The new regulations will take effect as soon as they are published in the Federal Register. They also require that:
• Pilots have a minimum of 1,000 flight hours of experience as co-pilots before becoming captains.
• Pilots and co-pilots get an air transport pilot certificate, which in addition to the 1,500 hours of flight experience or its equivalent also demands 50 hours of experience on a multi-engine plane. Exemptions from the 1,500-hour requirement will be allowed for military pilots with 750 hours of flight time, graduates with a bachelor’s degree in aviation with 1,000 hours of flight time and those with an associate’s degree with an aviation major who have 1,250 hours of flight time.

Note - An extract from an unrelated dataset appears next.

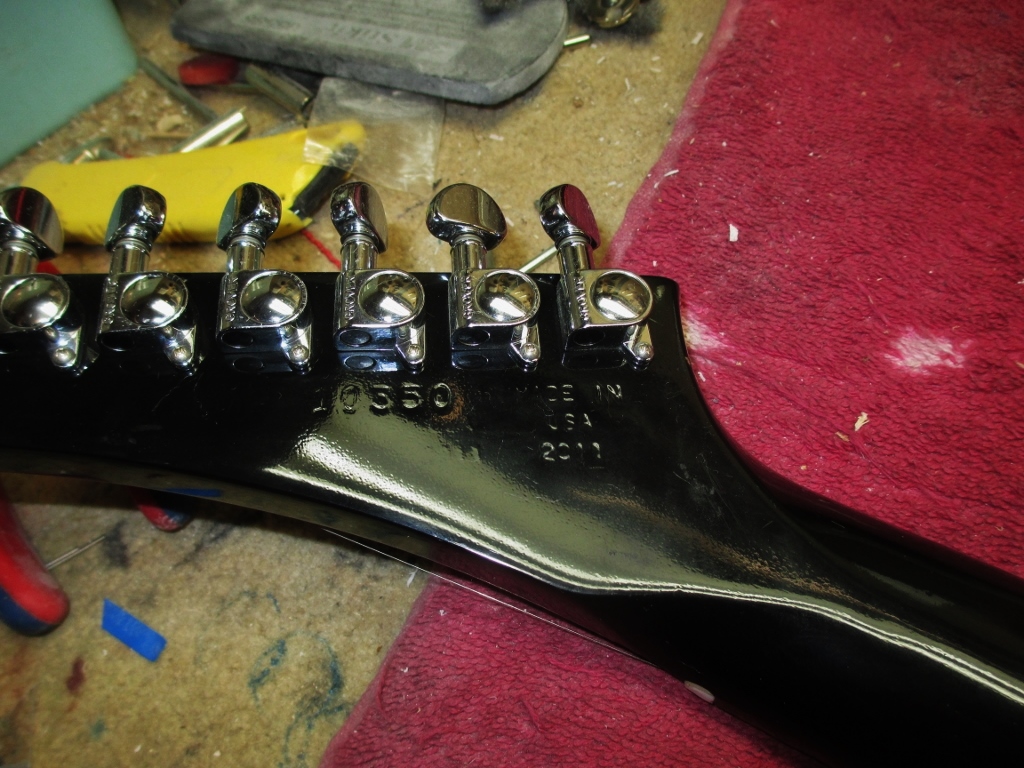 Gibson 7 String Explorer Flame Veneer, Binding, Full Respray, Lightup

• First officers have an “aircraft type rating,” which involves additional training and testing specific to the type of aircraft they fly.
These are all valuable changes that will help to make flying safer in this country. So will the 2011 pilot fatigue rules, which were also a response to the crash of Flight 3407. Next up are the training rules, which are expected to include new training regarding stalls, which occur when airspeed falls too low.
Separately and importantly, Rep. Brian Higgins, D-Buffalo, and Sen. Charles E. Schumer, D-N.Y., are pushing for heightened international standards on pilot training. They noted the similarities between the 2009 crash in Clarence Center and last week’s crash in San Francisco of an Asiana Airlines Boeing 777. They want other nations to improve their own flight training rules or face limitations on their ability to land in this country. The FAA should push for that requirement.
The Families of Flight 3407 – the survivors of the crash victims – have fought diligently for these changes. It has been a brave and critical campaign, facing down Congress, the airline industry and the FAA to win changes that will make airline travel safer for all. They are converting terrible loss into public benefit, and for that, all Americans can be grateful.